Não, a imprensa não foi gentil com o político alagoano que se imaginava imune ao que fosse por ser muito, muito gentil com os seus pares, na forma dos favores que o seu cargo e a sua influência – como herdeiro de José Sarney na condição de primeiro-aliado do governo no Congresso –  lhe permitiam distribuir.


A santa falta de gentileza da imprensa permitiu aos brasileiros descobrir os podres e a prepotência que se escondiam sob a bonomia da persona pública de Renan Calheiros.


Entre esses podres não se incluem – repito, não se incluem – nem o caso dele com a jornalista que graças a isso virou, ao fim e ao cabo, a coelhinha do mês da Playboy, nem mesmo o uso de um lobista de empreiteira para que ela recebesse o acertado depois da separação.


‘Nem mesmo’, porque, apesar de todos os indícios nessa direção, a revista Veja, que expôs a promíscua triangulação, não conseguiu provar serem do lobista ou da empreita para quem ele trabalha o dinheiro repassado em cash, mês a mês, à ex-amante de Renan. 
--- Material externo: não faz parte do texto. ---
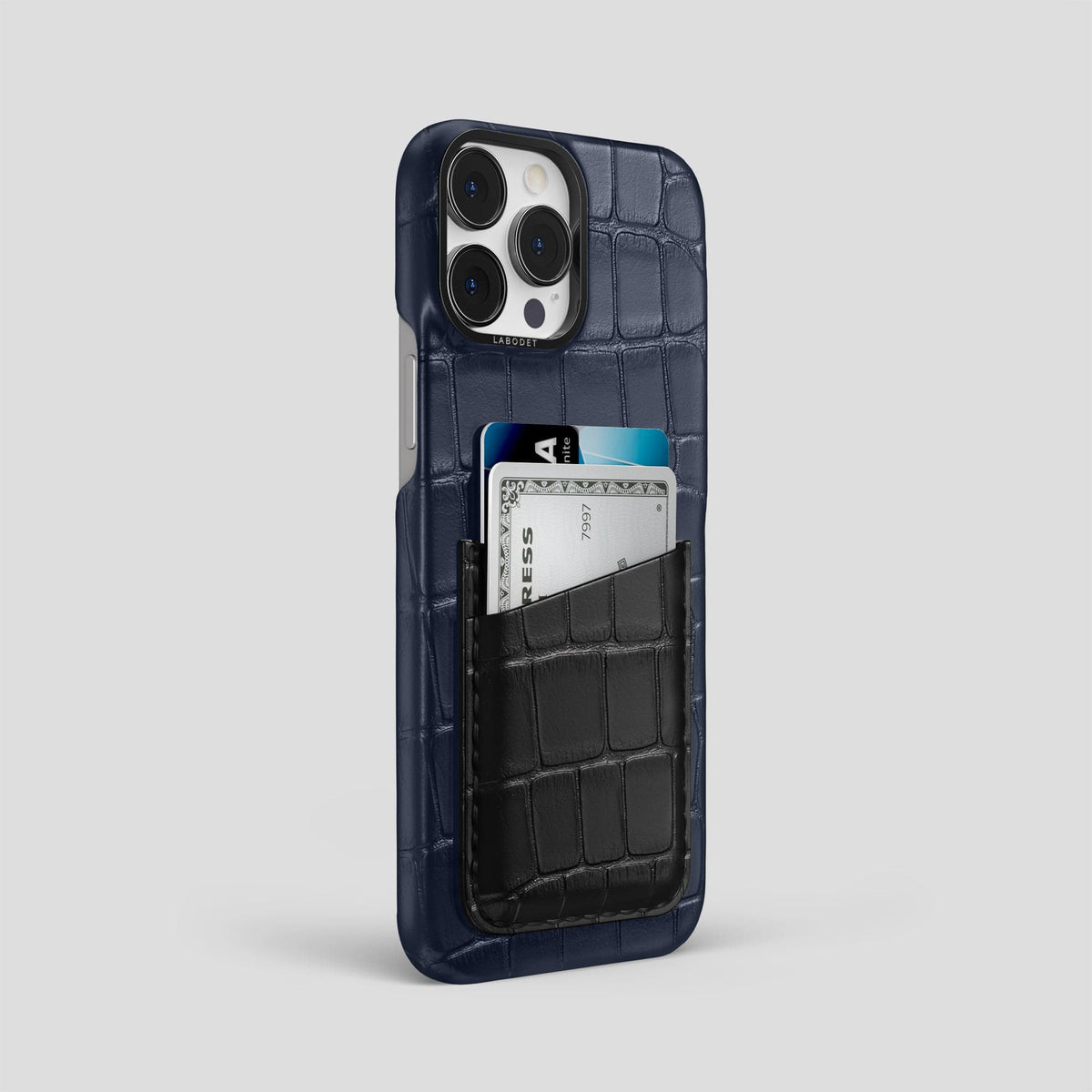 Navy-Blue-Black iPhone 14 Pro Max Card Case Alligator with Black Metal -2 | Navy-Blue-Black-Black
É verdade que ele tampouco provou serem dele os reais. Mas apenas a massa de fatos e cifras que a mídia, a começar da TV Globo, levantou sobre a digamos, evolução patrimonial de sua excelência já bastaria, com sobras, para justificar a sua cassação por indecoro. Isso, sem falar no laudo devastador da Polícia Federal sobre as alegações do senador.
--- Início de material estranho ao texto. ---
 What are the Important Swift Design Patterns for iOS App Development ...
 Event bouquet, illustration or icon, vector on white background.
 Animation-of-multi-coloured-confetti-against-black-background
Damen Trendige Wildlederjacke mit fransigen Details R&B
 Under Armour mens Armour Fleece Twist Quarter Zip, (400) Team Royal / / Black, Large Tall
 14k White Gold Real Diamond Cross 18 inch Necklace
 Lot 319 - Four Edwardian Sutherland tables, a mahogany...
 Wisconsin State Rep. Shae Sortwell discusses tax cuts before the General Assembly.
Veio em seguida, numa escalada de pornografia política, a crônica dos seus alaranjados negócios na área de comunicação com o usineiro (rima com cangaceiro) João Lyra, denunciados por ele à mídia e ao corregedor do Senado Romeu Tuma, e a fracassada tentativa de bisbilhotar, para chantagear, os senadores goianos Marconi Perilo e Demóstenes Torres. Com o que o gentil presidente do Senado mostrou, ao que tudo indica, não ter escrúpulo algum de importar das Alagoas para o Planalto métodos típicos do coronelato político que ainda desgraça o Nordeste.
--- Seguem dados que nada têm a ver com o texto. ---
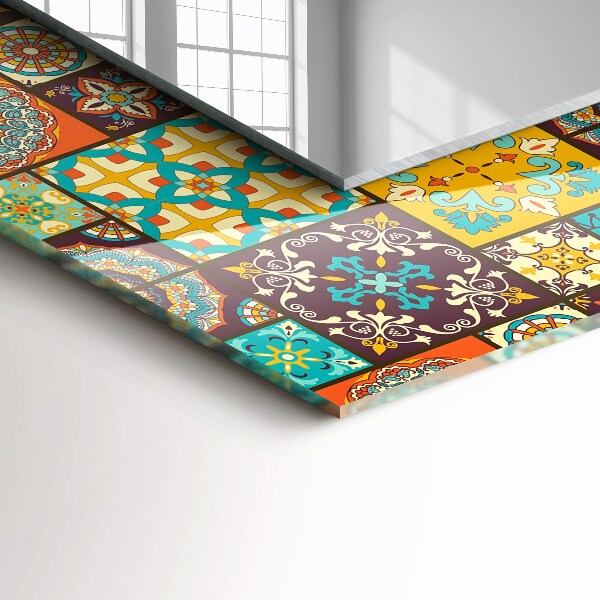 Spegel med tryckt ram Färgglad mosaik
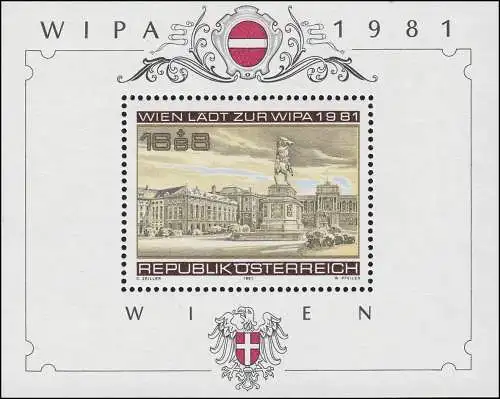 Autriche Bloc 5 Exposition des timbres WIPA Vienne 1981, **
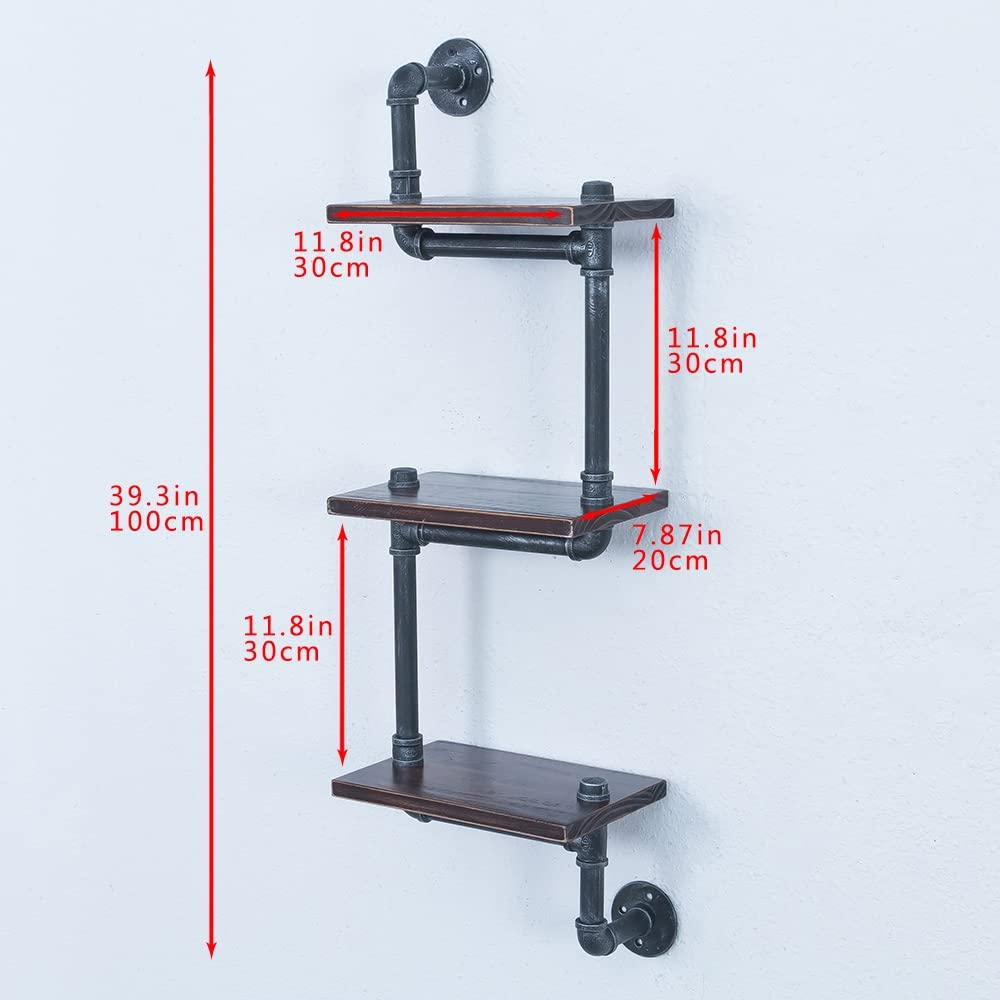 Industrial Pipe Shelving Wall Mounted, Rustic Floating Shelves for Wall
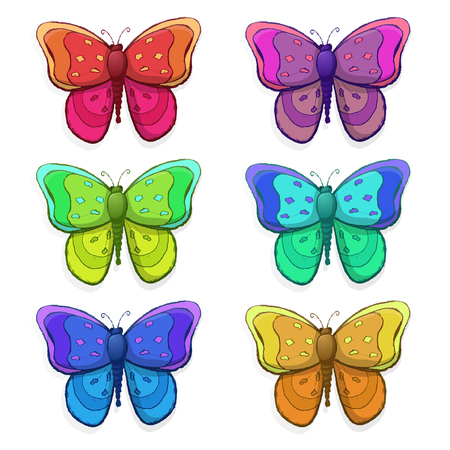 Seamless pattern with colorful butterflies Vector illustration.のイラスト素材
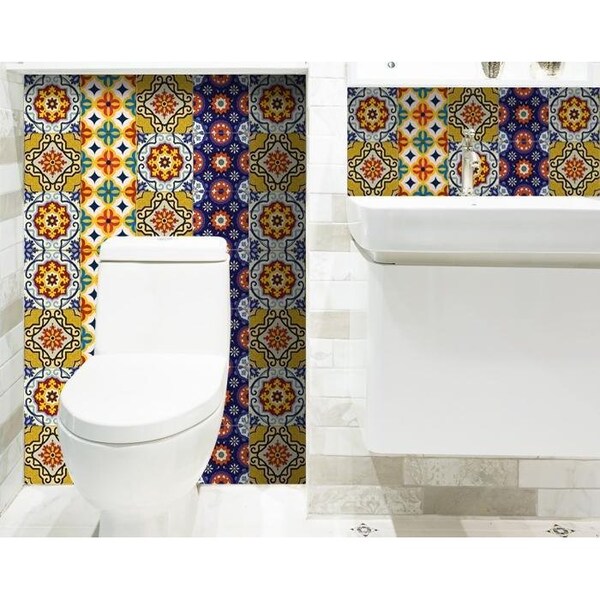 Homeroots 4 x 4 in. Blue & Yellow Mosaic Peel & Stick Removable Tiles - 400060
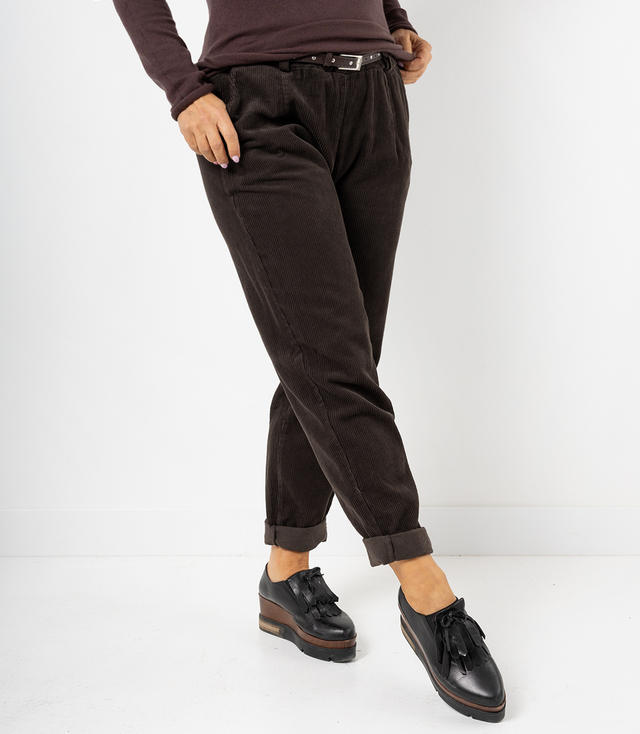 Corduroy chinos pants with belt WERA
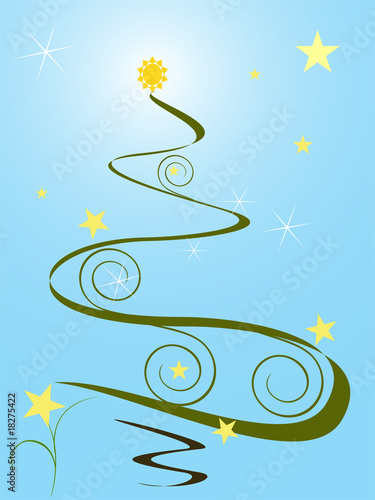 Abstrakter Weihnachtsbaum mit blauem Hintergrund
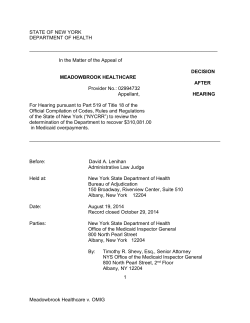 Meadowbrook Healthcare; Appellant - June, 2015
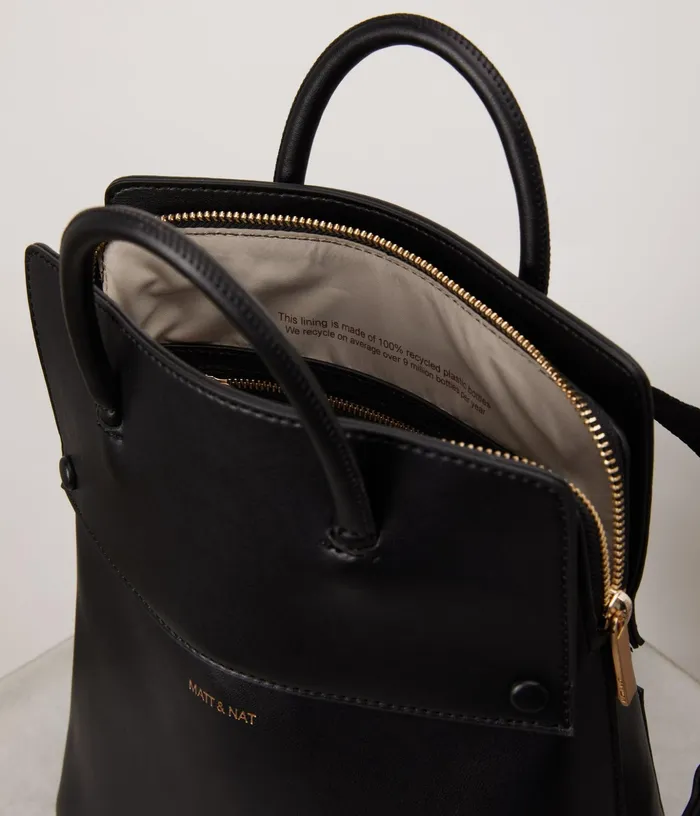 Women Laut Small Vegan Backpack 8211 Appleskin Black Matt and Nat Backpacks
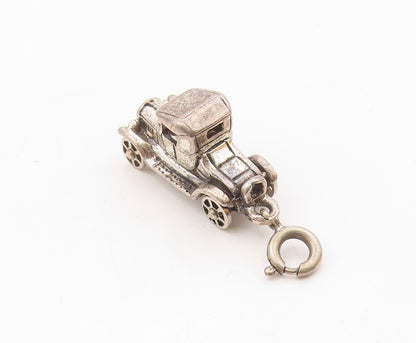 925 Sterling Silver  Vintage Old Fashioned Car Motif Pendant (SPINS)  PT18119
A mídia sai da história – se é que já é tempo de falar em sair – melhor do que nela entrou. Exatamente por não ter sido gentil com quem não merece esse tratamento pela simples e elementar razão de ser uma figura pública, um político que vive dos votos e do bolso do povo.


E, do específico ângulo do que os poderosos esperam da mídia e do que a mídia deve fazer para merecer fé pública, Renan Calheiros sai da história – se é que já é tempo de falar em sair – enriquecendo, involuntariamente, a vasta coleção das proverbiais famosas últimas palavras.


P.S. Folha pega no pé da TV Brasil – e tropeça


Enganosa a manchete interna da Folha de hoje ‘TV do governo terá servidor sem concurso’.


Começa pelo uso da palavra ‘servidor’. A TV Brasil não é uma repartição. É uma empresa. Pode contratar e demitir pela CLT. Se a medida provisória que a criou usa indevidamente o burocratês, não é a razão para o jornal imitá-la. A Folha tem servidores, por acaso?


Segundo, por que raios um órgão de mídia, ainda que bancado (majoritariamente) pelo erário, deve escolher seus quadros por concurso? Para, aí sim, se igualar a um órgão oficial? Para dar aos seus empregados os privilégios a que não fazem jus os seus equivalentes da Empresa Folha da Manhã S.A., por exemplo?


Ah, mas a contratação de ‘servidores’ sem concurso público – por 36 meses, ressalve-se, é meio caminho andado para transformar a TV Brasil num cabide de empregos.


Du-vi-de-ó.


Já não bastassem a integridade testada e aprovada de seus dirigentes e as atribuições do Conselho Curador da TV para mantê-la nos conformes, é certo como dois e dois são quatro que a mídia esquadrinhará de microscópio em punho a nova emissora e a Empresa Brasil de Comunicação na qual ela se insere, em busca de malfeitos.


Não se pede que a mídia seja gentil com a TV Brasil. Basta que não invente razões para induzir o leitor a vê-la com olhos tortos.